Big Analytics Roundup (September 7, 2015)
Top news for this week: SAP and Syncsort release Spark connectors, and HP says it wants to develop one; Pivotal abandons Hawq; Flink, Spark and H2O publish agendas for the upcoming events.
Peter Rose, Site Head of the RCSB Protein Data Bank West at SDSC just landed a $1.4 million grant from the National Institutes of Health under its Big Data to Knowledge (BD2K) initiative. Peter writes to say that the team plans to use Apache Spark, and seeks postdocs to join the group. See the flyer here: Postdoc Big Data UCSD flyer
SQL on Hadoop
Pivotal gives up trying to sell Hawq, donates it to Apache where it is now an incubator project. Hawq is a SQL tool that federates queries across Hadoop and Greenplum database, introduced with much hoopla two years ago.
Apache Flink/ Data Artisans
…announces Flink 0.9.1, a maintenance release.
Flink Forward’s organizers publish the conference program, which will be held October 12-13 at Berlin’s KulturBrauerei in the Prenzler Berg district. Conference organizers have arranged discounted rooms at the nearby Hotel4Youth, where presumably old folks like me are unwelcome.
On Slideplayer, Data Artisans co-founder Stephan Ewan presents an overview of Flink.
Dataconomy interviews Romeo Kienzler of IBM, who plans to present at the Flink Forward conference in October.
Apache Spark/ Databricks
Databricks publishes agenda for the Spark Summit Europe. I’ve attended every Spark Summit to date, but will skip this one.

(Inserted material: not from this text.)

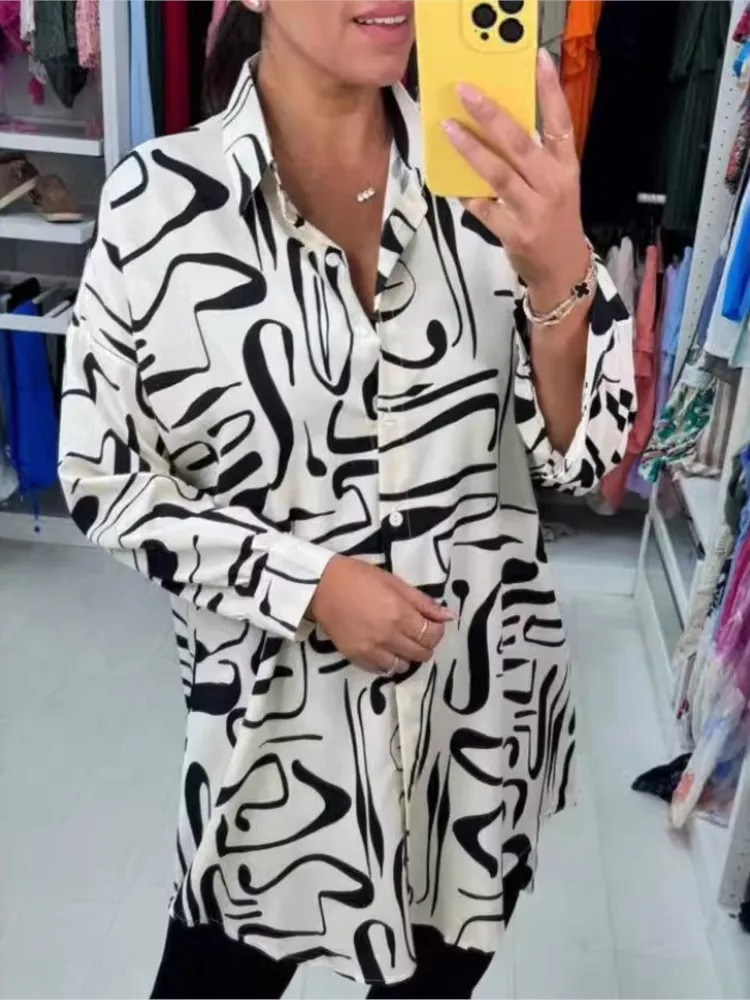 

New Spring Autumn Women's Shirt Fashion Printed Single Breasted Casual Comfortable Long Sleeved Collar Shirt for Women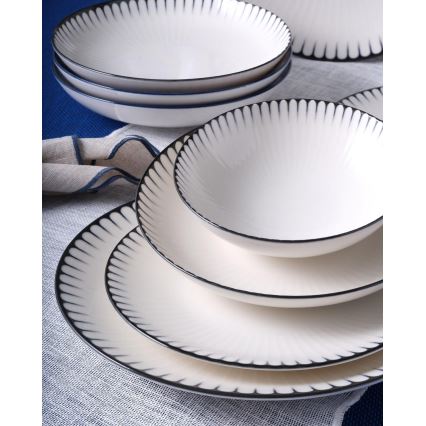 Jídelní sada 24 ks bílá/černá/porcelán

HP announces its future “commitment” to integrate Vertica with Spark, featuring accelerated data transfer and a model scoring capability. Translation: HP wants some Spark buzz to counter IBM, but they don’t have a working release or even a definite plan.
SAP announces SAP HANA Vora, an in-memory query engine that runs on Spark and supports in-memory queries, OLAP and drill-down analysis. SAP’s PR engine kicks into overdrive. Timothy Prickett Morgan touts it; additional coverage here, here, and here.

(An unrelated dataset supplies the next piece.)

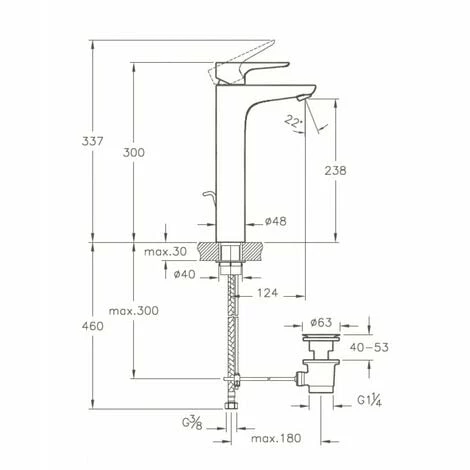 Vitra X-Line Tall Basin Mixer Tap with Pop Up Waste - Chrome Vitra X-Line Tall Basin Mixer Tap With Pop Up Waste - Chrome -VITRA SHOP 17510393 2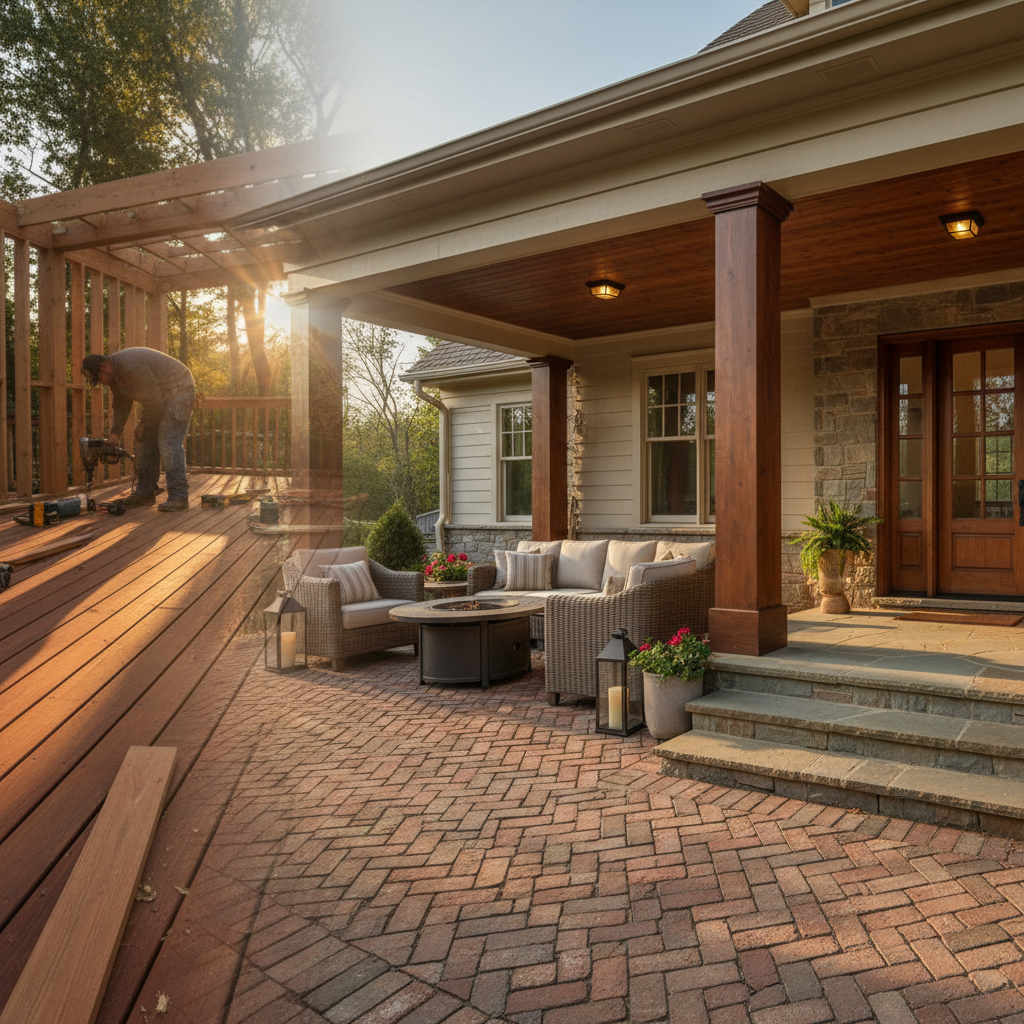 Cedar deck build blending into herringbone brick patio and finished covered porch — Murray Brothers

Syncsort contributes an IBM z-system mainframe connector to Spark Packages. Analysis ensues: here, here, here, and here. Some analysts confuse this announcement with IBM’s plan to support Spark on its mainframes. The two things are completely different: the point of the connector is to extract data from the mainframe and move it to Spark for processing.
Bernard Marr asks whether the rise of Spark spells the end of Hadoop, explains why the answer is no.
…publishes schedule and speaker lineup for H2O World 2015 (November 9-11). Featured speakers include Hilary Mason, Monica Rogati, Stephen Boyd and Rob Tibshirani.
Revolution R/ Microsoft
…announces Revolution R Open 3.2.2, an enhanced R distribution.